▶ **MATERIALS PROVIDED**
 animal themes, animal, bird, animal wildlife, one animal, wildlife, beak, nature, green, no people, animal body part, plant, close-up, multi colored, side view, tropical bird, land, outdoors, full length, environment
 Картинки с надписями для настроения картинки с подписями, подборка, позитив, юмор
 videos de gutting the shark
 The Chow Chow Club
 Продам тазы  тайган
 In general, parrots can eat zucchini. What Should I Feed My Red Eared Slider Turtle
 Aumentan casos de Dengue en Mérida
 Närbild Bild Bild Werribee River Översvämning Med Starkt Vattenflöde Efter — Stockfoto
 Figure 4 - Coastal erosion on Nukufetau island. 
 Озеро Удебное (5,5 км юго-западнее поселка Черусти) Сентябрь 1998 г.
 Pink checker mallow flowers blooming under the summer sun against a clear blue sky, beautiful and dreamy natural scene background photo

▶ **ACTION ITEM**
Reproduce the preceding entries exactly and completely.

▶ **ANSWER TO THIS EXERCISE**
 animal themes, animal, bird, animal wildlife, one animal, wildlife, beak, nature, green, no people, animal body part, plant, close-up, multi colored, side view, tropical bird, land, outdoors, full length, environment
 Картинки с надписями для настроения картинки с подписями, подборка, позитив, юмор
 videos de gutting the shark
 The Chow Chow Club
 Продам тазы  тайган
 In general, parrots can eat zucchini. What Should I Feed My Red Eared Slider Turtle
 Aumentan casos de Dengue en Mérida
 Närbild Bild Bild Werribee River Översvämning Med Starkt Vattenflöde Efter — Stockfoto
 Figure 4 - Coastal erosion on Nukufetau island. 
 Озеро Удебное (5,5 км юго-западнее поселка Черусти) Сентябрь 1998 г.
 Pink checker mallow flowers blooming under the summer sun against a clear blue sky, beautiful and dreamy natural scene background photo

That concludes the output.